Are you worried about being able to sell your property in Spain fast? The reason we say this is it’s been a few years since Brexit and Britons are no longer buying properties in Spain and elsewhere in the overseas property market the same way as before.
The pound has fallen by 15% in comparison to the Euro , and is currently valued at 1.10 EUR. The falling value of the pound has certainly taken its toll on UK buyers. We haven’t seen the same level of interest in the overseas property market from British buyers as before.
The Association of Land and Commercial Registrars, which is a leading real estate body in Spain, said in a report that the British demand for resale properties in Spain has dropped by 30%.
Remember, Britons have always been the predominant players in the overseas property market, especially in Spain. So this is certainly a bit of a downer for those who have properties for sale in Spain. The effect has been worse on British buyers looking at the lower end of the housing market, or for more affordable accommodations.
Chris Clover a real estate agent based in Marbella says, “The pound-euro exchange rate has a bigger effect on people at the lower end of the market, in the €200,000-€400,000 price range. Those with more money can take advantage of low interest rates to hedge against the weak pound.”
A real estate consultant based in Spain, Matt Oakley, says 70% of his clients were the UK and they hadn’t so far pulled out of purchases.

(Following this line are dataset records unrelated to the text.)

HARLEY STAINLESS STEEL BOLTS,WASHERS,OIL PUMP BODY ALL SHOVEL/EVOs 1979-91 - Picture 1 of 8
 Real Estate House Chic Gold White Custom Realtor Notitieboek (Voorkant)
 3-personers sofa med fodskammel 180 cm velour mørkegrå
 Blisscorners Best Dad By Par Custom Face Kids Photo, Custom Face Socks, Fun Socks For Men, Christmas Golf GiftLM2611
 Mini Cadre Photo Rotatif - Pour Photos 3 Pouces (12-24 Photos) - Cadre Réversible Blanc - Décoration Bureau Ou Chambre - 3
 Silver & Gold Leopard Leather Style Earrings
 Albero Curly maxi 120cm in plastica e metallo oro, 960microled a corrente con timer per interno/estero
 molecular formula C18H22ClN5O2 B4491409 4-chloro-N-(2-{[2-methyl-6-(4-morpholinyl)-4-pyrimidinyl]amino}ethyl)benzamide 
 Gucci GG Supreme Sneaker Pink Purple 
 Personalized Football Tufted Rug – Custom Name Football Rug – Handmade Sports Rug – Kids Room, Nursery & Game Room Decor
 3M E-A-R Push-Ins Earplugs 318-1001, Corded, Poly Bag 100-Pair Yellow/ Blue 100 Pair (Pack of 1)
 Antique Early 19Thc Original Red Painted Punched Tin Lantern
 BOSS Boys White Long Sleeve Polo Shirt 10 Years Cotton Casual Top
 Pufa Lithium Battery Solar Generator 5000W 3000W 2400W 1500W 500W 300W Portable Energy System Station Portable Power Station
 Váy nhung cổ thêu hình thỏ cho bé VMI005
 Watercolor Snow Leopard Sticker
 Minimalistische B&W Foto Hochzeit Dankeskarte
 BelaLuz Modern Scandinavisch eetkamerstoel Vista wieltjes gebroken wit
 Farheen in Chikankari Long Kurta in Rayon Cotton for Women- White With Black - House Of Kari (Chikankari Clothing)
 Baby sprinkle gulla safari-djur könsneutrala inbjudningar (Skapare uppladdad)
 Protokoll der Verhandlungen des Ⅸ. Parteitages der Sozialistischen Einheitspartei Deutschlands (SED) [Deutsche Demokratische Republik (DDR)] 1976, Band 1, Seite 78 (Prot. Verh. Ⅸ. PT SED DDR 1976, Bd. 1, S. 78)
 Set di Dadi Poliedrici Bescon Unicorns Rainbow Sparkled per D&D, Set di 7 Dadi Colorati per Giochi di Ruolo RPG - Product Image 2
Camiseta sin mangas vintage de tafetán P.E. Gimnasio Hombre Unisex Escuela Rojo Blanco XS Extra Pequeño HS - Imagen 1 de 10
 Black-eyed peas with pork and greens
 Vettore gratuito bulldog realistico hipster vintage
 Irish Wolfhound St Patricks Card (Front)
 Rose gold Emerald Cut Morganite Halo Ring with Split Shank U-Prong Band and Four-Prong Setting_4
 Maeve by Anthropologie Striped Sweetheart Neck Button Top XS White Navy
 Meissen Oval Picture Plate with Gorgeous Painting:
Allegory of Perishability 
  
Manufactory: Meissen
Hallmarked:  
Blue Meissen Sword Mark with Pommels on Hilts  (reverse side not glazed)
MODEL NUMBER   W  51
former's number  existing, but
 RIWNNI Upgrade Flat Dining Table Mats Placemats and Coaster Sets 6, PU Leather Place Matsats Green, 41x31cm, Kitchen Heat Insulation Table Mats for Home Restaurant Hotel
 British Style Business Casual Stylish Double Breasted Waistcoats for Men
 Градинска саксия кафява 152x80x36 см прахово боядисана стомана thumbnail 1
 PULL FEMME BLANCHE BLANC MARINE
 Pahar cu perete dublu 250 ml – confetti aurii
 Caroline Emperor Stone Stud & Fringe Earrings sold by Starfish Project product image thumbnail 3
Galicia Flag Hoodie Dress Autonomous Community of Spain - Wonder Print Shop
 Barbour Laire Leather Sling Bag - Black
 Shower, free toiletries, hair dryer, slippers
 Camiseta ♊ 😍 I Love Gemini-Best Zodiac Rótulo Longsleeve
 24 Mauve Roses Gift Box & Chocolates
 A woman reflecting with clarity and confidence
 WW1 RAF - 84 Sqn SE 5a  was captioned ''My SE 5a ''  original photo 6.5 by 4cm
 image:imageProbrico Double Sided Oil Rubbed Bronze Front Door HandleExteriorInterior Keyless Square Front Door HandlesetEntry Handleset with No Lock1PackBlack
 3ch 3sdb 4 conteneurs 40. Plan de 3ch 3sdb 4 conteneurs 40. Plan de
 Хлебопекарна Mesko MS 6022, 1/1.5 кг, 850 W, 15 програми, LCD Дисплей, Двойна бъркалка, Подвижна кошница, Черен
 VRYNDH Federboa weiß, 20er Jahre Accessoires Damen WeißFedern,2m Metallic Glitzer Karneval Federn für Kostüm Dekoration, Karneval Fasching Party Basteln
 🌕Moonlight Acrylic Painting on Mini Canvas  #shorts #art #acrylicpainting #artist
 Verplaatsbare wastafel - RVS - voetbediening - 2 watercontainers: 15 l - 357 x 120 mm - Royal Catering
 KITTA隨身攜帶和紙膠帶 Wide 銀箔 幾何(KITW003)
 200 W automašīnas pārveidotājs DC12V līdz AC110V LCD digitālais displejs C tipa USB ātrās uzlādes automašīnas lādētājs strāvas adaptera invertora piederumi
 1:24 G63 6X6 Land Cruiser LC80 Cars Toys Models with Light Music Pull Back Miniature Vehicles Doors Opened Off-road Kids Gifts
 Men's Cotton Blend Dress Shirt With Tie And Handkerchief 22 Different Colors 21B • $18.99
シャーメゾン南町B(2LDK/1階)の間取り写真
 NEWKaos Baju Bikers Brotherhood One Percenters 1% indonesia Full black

But there are other problems that he was worried about. “A lot of people are seeing that their pensions won’t stretch as far as they did and some people who maybe wanted to buy a villa are now having to settle for an apartment,” Mr. Oakley said.
The issue is not limited to Spain, the problem exists across Europe, even in other popular overseas property destinations like Greece, Portugal and Cyprus where Britons have been pulling out. Pelagia Papamaxiaki, a Greek real estate agent says, “The fall in the value of the pound has really affected enquiries. People are still calling in but Britons booking appointments has dropped by about 80%.”
Alfredo Millá, an estate agent based in south-eastern Spain says, “There’s a general air of uncertainty, especially about whether they will be entitled to healthcare.”
Even so, home prices have held steady in Spain. That’s because here are a lot of people from countries like Sweden, Belgium, Germany, Russia, Italy, France and Romania who want to buy property in Spain online. In fact, the interest from Germans and Swedish buyers has been tremendous. They have more than made up for the shortfall in the number of British buyers.
There is also a lot of demand from Turkish and Chinese buyers who are eager to get their hands on a Spanish Golden visa, which promises residency permits to all non-EU nationals who buy properties in Spain that are worth 500,000 EUR or more.